Ceramic is one of the most popular materials for use in kitchen and bathroom sinks, as it is extremely tough very attractive. Unfortunately, even this tough material can sometimes be damaged, either by accidents where it has been struck by something heavy, by constant wear and tear, or by cracking along the sides. These problems seem like a disaster, as ceramic is not as easy to fix for an amateur as a stainless steel sink might be, but if you have some basic home improvement knowledge and can follow a few simple rules, repairing your ceramic kitchen sink can be done.
Step 1 — Preparing the Sink
In order to make sure that repairs have the best chance of sticking, use a drill to enlarge the crack and grind down the edges. This serves two purposes. Firstly, it smooths down the sides, removing any sharp edges (because ceramic can give you a nasty nick if there is an edge). Secondly, it makes the inside of the crack slightly rougher so that the fixing putty has something to bond with.
Step 2 — Buying a Putty
Since many people have ceramic kitchen sink or bathroom sink accessories, there is a market for products such as Milliput, a type of ceramic putty that is white and has a smooth finish. This brand, and other types of ceramic putty, can set under water and form a water-proof bond when dried. These putties form a seal as hard as the ceramic itself, so it should be as hard-wearing as the sink.
Step 3 — Applying the Putty
You should mix the ceramic putty following the instructions on the side of the packet. Once this is ready, fill the crack in your ceramic kitchen sink using a putty knife, or you can use a trowel if a knife is not available. Fill your crack as full as possible, pushing the putty into the corners of the crack and smoothing off the top as much as you can, leaving only a small amount above the surface.
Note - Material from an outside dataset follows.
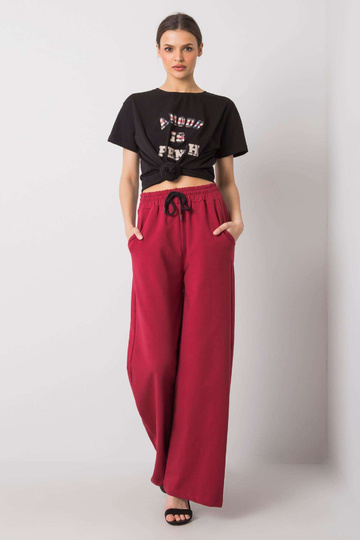 Burgundijas sporta bikses... 2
Step 4 — Finishing the Job
Leave the putty until it is almost dry. Then use a little bit of water along with a sponge or clean cloth to smooth out the surface until it is completely level with the edge of the ceramic kitchen sink. You will now have to leave the sink to dry on its own for at least another 12 hours, perhaps more.
Once the surface is completely dry, you can use your cloth to polish over the finish and rub the edges into the ceramic side so that it is barely noticeable. The putty will not look the same as an older ceramic, but it is better than a crack.